_TASK OBJECTIVE_
In your reply, write out the records exactly, each line intact.

[Start of section]

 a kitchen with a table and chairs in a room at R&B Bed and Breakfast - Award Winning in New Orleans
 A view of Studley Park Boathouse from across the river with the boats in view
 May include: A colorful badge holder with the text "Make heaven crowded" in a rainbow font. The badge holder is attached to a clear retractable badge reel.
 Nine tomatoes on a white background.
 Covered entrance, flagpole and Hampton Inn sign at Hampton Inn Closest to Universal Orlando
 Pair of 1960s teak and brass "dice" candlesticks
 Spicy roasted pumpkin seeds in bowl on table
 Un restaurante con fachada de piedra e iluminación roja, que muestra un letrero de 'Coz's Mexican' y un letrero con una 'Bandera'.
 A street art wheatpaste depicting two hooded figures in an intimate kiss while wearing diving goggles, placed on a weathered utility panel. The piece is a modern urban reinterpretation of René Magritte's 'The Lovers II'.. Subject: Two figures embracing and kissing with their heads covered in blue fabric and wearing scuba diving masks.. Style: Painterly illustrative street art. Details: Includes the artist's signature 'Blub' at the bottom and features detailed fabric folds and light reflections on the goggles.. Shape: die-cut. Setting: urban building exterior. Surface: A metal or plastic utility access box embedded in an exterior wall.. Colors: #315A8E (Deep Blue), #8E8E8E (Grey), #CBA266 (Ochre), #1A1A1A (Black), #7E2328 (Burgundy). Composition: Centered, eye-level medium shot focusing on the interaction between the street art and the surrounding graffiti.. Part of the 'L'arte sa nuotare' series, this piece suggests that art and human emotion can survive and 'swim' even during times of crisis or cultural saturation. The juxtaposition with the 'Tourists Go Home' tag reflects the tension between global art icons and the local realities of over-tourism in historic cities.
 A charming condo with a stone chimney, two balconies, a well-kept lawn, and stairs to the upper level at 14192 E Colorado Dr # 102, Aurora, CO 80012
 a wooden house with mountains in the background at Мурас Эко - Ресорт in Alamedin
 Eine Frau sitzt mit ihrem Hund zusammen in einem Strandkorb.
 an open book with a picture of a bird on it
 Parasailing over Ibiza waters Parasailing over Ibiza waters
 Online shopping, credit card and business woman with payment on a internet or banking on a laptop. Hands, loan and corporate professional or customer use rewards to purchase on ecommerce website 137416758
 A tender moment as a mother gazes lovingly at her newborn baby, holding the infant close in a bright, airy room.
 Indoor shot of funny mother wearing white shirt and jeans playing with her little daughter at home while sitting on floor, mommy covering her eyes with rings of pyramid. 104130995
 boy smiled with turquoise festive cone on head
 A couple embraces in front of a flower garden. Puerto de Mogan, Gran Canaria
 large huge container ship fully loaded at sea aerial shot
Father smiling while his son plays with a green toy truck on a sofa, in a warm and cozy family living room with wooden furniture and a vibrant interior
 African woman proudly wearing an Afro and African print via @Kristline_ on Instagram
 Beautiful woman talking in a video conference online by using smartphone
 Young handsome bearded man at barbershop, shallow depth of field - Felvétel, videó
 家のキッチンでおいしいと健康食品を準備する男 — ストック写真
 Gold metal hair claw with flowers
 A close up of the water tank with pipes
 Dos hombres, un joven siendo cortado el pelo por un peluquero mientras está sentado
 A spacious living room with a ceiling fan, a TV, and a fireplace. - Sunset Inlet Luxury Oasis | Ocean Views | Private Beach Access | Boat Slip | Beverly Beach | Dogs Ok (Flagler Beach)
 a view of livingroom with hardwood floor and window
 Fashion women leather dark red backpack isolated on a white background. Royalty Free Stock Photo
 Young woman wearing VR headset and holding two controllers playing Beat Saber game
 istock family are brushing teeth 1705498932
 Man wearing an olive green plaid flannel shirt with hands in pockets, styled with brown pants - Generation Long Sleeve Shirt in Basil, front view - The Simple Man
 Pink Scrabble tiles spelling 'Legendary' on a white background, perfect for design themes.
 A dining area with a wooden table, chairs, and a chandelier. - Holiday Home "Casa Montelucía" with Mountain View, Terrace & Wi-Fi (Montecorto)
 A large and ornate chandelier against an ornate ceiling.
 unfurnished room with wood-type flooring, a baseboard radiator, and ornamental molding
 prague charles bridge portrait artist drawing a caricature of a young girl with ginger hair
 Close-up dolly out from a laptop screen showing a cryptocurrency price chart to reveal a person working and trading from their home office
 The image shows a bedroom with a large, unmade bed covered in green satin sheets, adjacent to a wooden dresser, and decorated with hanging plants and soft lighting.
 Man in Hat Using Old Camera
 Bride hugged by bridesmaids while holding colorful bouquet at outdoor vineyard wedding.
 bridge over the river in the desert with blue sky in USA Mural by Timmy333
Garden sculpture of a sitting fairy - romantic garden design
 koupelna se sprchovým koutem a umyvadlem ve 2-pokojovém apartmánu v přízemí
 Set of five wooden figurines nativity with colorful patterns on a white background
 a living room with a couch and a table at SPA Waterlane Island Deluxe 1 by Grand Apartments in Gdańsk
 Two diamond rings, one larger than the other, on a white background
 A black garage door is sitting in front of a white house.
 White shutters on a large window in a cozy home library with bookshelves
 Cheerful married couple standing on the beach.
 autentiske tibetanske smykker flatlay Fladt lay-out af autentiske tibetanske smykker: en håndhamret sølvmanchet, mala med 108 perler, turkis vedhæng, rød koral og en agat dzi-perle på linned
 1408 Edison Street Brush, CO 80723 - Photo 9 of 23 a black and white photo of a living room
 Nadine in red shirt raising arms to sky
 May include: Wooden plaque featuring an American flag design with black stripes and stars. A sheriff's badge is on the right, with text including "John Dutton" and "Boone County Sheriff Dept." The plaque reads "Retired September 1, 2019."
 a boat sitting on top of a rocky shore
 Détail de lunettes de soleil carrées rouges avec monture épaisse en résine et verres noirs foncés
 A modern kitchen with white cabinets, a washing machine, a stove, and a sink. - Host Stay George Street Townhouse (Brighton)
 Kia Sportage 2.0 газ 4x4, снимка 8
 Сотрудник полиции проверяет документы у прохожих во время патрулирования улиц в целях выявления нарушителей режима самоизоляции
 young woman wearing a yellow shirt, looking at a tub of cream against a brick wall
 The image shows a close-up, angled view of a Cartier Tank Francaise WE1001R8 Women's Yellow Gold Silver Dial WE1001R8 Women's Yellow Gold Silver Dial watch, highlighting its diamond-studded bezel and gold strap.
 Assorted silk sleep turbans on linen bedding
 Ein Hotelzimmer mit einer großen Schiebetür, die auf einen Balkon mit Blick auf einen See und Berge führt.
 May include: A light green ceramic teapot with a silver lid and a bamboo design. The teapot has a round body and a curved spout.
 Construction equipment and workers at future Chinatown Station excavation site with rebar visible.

[End of section]

_EXERCISE RESPONSE_
 a kitchen with a table and chairs in a room at R&B Bed and Breakfast - Award Winning in New Orleans
 A view of Studley Park Boathouse from across the river with the boats in view
 May include: A colorful badge holder with the text "Make heaven crowded" in a rainbow font. The badge holder is attached to a clear retractable badge reel.
 Nine tomatoes on a white background.
 Covered entrance, flagpole and Hampton Inn sign at Hampton Inn Closest to Universal Orlando
 Pair of 1960s teak and brass "dice" candlesticks
 Spicy roasted pumpkin seeds in bowl on table
 Un restaurante con fachada de piedra e iluminación roja, que muestra un letrero de 'Coz's Mexican' y un letrero con una 'Bandera'.
 A street art wheatpaste depicting two hooded figures in an intimate kiss while wearing diving goggles, placed on a weathered utility panel. The piece is a modern urban reinterpretation of René Magritte's 'The Lovers II'.. Subject: Two figures embracing and kissing with their heads covered in blue fabric and wearing scuba diving masks.. Style: Painterly illustrative street art. Details: Includes the artist's signature 'Blub' at the bottom and features detailed fabric folds and light reflections on the goggles.. Shape: die-cut. Setting: urban building exterior. Surface: A metal or plastic utility access box embedded in an exterior wall.. Colors: #315A8E (Deep Blue), #8E8E8E (Grey), #CBA266 (Ochre), #1A1A1A (Black), #7E2328 (Burgundy). Composition: Centered, eye-level medium shot focusing on the interaction between the street art and the surrounding graffiti.. Part of the 'L'arte sa nuotare' series, this piece suggests that art and human emotion can survive and 'swim' even during times of crisis or cultural saturation. The juxtaposition with the 'Tourists Go Home' tag reflects the tension between global art icons and the local realities of over-tourism in historic cities.
 A charming condo with a stone chimney, two balconies, a well-kept lawn, and stairs to the upper level at 14192 E Colorado Dr # 102, Aurora, CO 80012
 a wooden house with mountains in the background at Мурас Эко - Ресорт in Alamedin
 Eine Frau sitzt mit ihrem Hund zusammen in einem Strandkorb.
 an open book with a picture of a bird on it
 Parasailing over Ibiza waters Parasailing over Ibiza waters
 Online shopping, credit card and business woman with payment on a internet or banking on a laptop. Hands, loan and corporate professional or customer use rewards to purchase on ecommerce website 137416758
 A tender moment as a mother gazes lovingly at her newborn baby, holding the infant close in a bright, airy room.
 Indoor shot of funny mother wearing white shirt and jeans playing with her little daughter at home while sitting on floor, mommy covering her eyes with rings of pyramid. 104130995
 boy smiled with turquoise festive cone on head
 A couple embraces in front of a flower garden. Puerto de Mogan, Gran Canaria
 large huge container ship fully loaded at sea aerial shot
Father smiling while his son plays with a green toy truck on a sofa, in a warm and cozy family living room with wooden furniture and a vibrant interior
 African woman proudly wearing an Afro and African print via @Kristline_ on Instagram
 Beautiful woman talking in a video conference online by using smartphone
 Young handsome bearded man at barbershop, shallow depth of field - Felvétel, videó
 家のキッチンでおいしいと健康食品を準備する男 — ストック写真
 Gold metal hair claw with flowers
 A close up of the water tank with pipes
 Dos hombres, un joven siendo cortado el pelo por un peluquero mientras está sentado
 A spacious living room with a ceiling fan, a TV, and a fireplace. - Sunset Inlet Luxury Oasis | Ocean Views | Private Beach Access | Boat Slip | Beverly Beach | Dogs Ok (Flagler Beach)
 a view of livingroom with hardwood floor and window
 Fashion women leather dark red backpack isolated on a white background. Royalty Free Stock Photo
 Young woman wearing VR headset and holding two controllers playing Beat Saber game
 istock family are brushing teeth 1705498932
 Man wearing an olive green plaid flannel shirt with hands in pockets, styled with brown pants - Generation Long Sleeve Shirt in Basil, front view - The Simple Man
 Pink Scrabble tiles spelling 'Legendary' on a white background, perfect for design themes.
 A dining area with a wooden table, chairs, and a chandelier. - Holiday Home "Casa Montelucía" with Mountain View, Terrace & Wi-Fi (Montecorto)
 A large and ornate chandelier against an ornate ceiling.
 unfurnished room with wood-type flooring, a baseboard radiator, and ornamental molding
 prague charles bridge portrait artist drawing a caricature of a young girl with ginger hair
 Close-up dolly out from a laptop screen showing a cryptocurrency price chart to reveal a person working and trading from their home office
 The image shows a bedroom with a large, unmade bed covered in green satin sheets, adjacent to a wooden dresser, and decorated with hanging plants and soft lighting.
 Man in Hat Using Old Camera
 Bride hugged by bridesmaids while holding colorful bouquet at outdoor vineyard wedding.
 bridge over the river in the desert with blue sky in USA Mural by Timmy333
Garden sculpture of a sitting fairy - romantic garden design
 koupelna se sprchovým koutem a umyvadlem ve 2-pokojovém apartmánu v přízemí
 Set of five wooden figurines nativity with colorful patterns on a white background
 a living room with a couch and a table at SPA Waterlane Island Deluxe 1 by Grand Apartments in Gdańsk
 Two diamond rings, one larger than the other, on a white background
 A black garage door is sitting in front of a white house.
 White shutters on a large window in a cozy home library with bookshelves
 Cheerful married couple standing on the beach.
 autentiske tibetanske smykker flatlay Fladt lay-out af autentiske tibetanske smykker: en håndhamret sølvmanchet, mala med 108 perler, turkis vedhæng, rød koral og en agat dzi-perle på linned
 1408 Edison Street Brush, CO 80723 - Photo 9 of 23 a black and white photo of a living room
 Nadine in red shirt raising arms to sky
 May include: Wooden plaque featuring an American flag design with black stripes and stars. A sheriff's badge is on the right, with text including "John Dutton" and "Boone County Sheriff Dept." The plaque reads "Retired September 1, 2019."
 a boat sitting on top of a rocky shore
 Détail de lunettes de soleil carrées rouges avec monture épaisse en résine et verres noirs foncés
 A modern kitchen with white cabinets, a washing machine, a stove, and a sink. - Host Stay George Street Townhouse (Brighton)
 Kia Sportage 2.0 газ 4x4, снимка 8
 Сотрудник полиции проверяет документы у прохожих во время патрулирования улиц в целях выявления нарушителей режима самоизоляции
 young woman wearing a yellow shirt, looking at a tub of cream against a brick wall
 The image shows a close-up, angled view of a Cartier Tank Francaise WE1001R8 Women's Yellow Gold Silver Dial WE1001R8 Women's Yellow Gold Silver Dial watch, highlighting its diamond-studded bezel and gold strap.
 Assorted silk sleep turbans on linen bedding
 Ein Hotelzimmer mit einer großen Schiebetür, die auf einen Balkon mit Blick auf einen See und Berge führt.
 May include: A light green ceramic teapot with a silver lid and a bamboo design. The teapot has a round body and a curved spout.
 Construction equipment and workers at future Chinatown Station excavation site with rebar visible.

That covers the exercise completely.